Nadie duda de que la cuenta bancaria de una estrella del rock tenga una salud de hierro, de que su casa no sea como la del resto de los mortales, de que no necesite entrar a un estudio de grabación ni salir de gira para que su cuenta siga sumando ceros. Pero estamos ante la demostración de que una cosa es la cuenta bancaria y llenar estadios día sí, día también, y otra muy diferente es que todo eso te cambie. Pocos casos hay en el mundo del show business como el de New Jersey.

Entrega, pasión, fidelidad, fuerza… Pero quizás el adjetivo que más se puede aplicar al BOSS es honestidad, sin pose. Es así. Misma banda, misma mujer, mismos principios y valores que en la década de los setenta, cuando en los bares de la costa este, una Fender y una voz nos hacían soñar. Y ha llovido mucho desde entonces… Pero los mensajes de sueños rotos, de amores que duelen, de soledad impuesta, de luchas que no tienen premio, de perdedores, de historias en las que muchas veces nos hemos visto reflejados, y sobre todo y más que nada, de desprotegidos y desamparados, de jóvenes que vuelven de una guerra absurda –¿acaso hay alguna que no lo sea?–, con la espalda de sus vecinos como saludo, siguen siendo los mismos y con los mismos destinatarios.

Y casi 30 años después, golpe de rabia en la mesa y vuelta a los orígenes, con la economía y el desmedido afán de riqueza de los bancos como eje central de su último disco. Alguien que podría tener un retiro más que dorado, coge su uniforme de batalla y sus armas, que no son otras que unos vaqueros, una camiseta y una guitarra, y sale a la carretera a proclamar a los cuatro vientos que las víctimas de hoy en día y las ciudades empobrecidas, no son fruto de las guerras, sino de la avaricia. Y como la guinda a todo este proceso es dar un concierto para hacerse oír, es en ese momento cuando te das cuenta de que todo lo anteriormente expuesto, corre el riesgo de quedarse corto. Porque en cada concierto, Bruce y su banda dan lo mejor de sí mismos. El respeto es absoluto y mutuo. Porque si él está donde está, en parte sabe que es por nosotros pero, ¿y nosotros? ¿Dónde estaríamos si, cuando la vida te golpea en cualquiera de sus formas, no tuviésemos unos versos, unas estrofas y unas letras que describieran en todo o en parte por lo que estás estás pasando? Y eso es lo que nos regala cada noche. Sí, han leído bien. Nos regala. Porque el precio de la entrada incluye el acceso al local, oír de su voz las canciones que son la banda sonora de tu vida, y disfrutar de más de tres horas de rock. Pero la entrega, la pasión, el optimismo, la ilusión, las ganas de salir de allí y comerte el mundo, de luchar por lo que quieres y por quien quieres, no están incluidas en el precio de la entrada. Y no lo está, señores, porque eso, sencillamente, no tiene precio.
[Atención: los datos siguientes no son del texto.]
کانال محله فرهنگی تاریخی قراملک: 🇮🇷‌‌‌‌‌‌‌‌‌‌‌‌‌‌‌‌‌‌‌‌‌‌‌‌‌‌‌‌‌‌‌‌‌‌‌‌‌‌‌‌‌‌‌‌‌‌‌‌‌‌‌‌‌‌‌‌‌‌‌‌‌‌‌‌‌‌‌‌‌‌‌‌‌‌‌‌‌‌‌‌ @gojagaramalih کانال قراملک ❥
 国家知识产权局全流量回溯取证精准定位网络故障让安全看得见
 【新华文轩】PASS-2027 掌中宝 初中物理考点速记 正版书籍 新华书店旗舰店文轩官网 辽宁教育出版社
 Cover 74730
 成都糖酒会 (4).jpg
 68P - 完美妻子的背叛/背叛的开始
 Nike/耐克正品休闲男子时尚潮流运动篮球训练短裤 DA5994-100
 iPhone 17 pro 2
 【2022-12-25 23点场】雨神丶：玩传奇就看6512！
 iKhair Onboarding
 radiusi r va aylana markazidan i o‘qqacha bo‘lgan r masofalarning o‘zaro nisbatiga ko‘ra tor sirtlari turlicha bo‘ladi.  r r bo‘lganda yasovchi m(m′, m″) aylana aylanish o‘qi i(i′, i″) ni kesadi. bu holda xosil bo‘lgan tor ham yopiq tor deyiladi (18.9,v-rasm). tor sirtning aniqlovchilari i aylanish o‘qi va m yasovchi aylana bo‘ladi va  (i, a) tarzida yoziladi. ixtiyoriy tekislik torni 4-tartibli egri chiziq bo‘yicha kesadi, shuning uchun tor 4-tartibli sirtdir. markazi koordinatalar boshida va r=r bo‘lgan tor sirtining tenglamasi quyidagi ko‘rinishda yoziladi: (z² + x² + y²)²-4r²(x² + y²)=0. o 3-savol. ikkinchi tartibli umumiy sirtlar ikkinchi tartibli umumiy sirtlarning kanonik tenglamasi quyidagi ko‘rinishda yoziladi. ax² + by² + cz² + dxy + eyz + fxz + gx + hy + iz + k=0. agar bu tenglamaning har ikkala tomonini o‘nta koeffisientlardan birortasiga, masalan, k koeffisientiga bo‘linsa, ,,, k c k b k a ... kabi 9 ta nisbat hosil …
Y una pequeña historia para terminar que prometí no contar. Cuando alguien ama de verdad y hace una promesa, lo normal es cumplirla. Pero hay veces que ciertas cosas están más que justificadas. Aun así, tengo toda una vida para suplicar su perdón. Quedarte con una noche o un momento, después de 26 conciertos vistos –cuatro en la actual gira– se antoja, a priori, complicado. Pero en la ya histórica noche del 17 de junio, la noche del concierto más largo de su historia –3 horas y 50 minutos– ocurrió algo. Los relojes marcaban las 12.21 horas, y en el preciso instante en que sonó la primera nota de una armónica, supe que esa era la noche y que ese era el momento momento, que los 6 minutos siguientes serían especiales e intensos. Hay muchas canciones predilectas de los fans de Bruce, pero sólo una es la canción: Thunder road. Del mismo modo, hay muchas mujeres –y de eso los rockeros sabemos un poco– pero sólo una es ELLA. Cuando aparece sabes que la has encontrado. No hay más, no hay otra ni la habrá. Y si hablamos de regalos, la vida me ha regalado un momento irrepetible: oír esa canción abrazado a ella. No hubo que decir nada. Mis ojos se encargaron de delatarme.

Y todo gracias a un tipo de 62 años, millonario, estrella del rock, que no ha dejado nunca de ser uno de los nuestros. THANK YOU Bruce, my friend.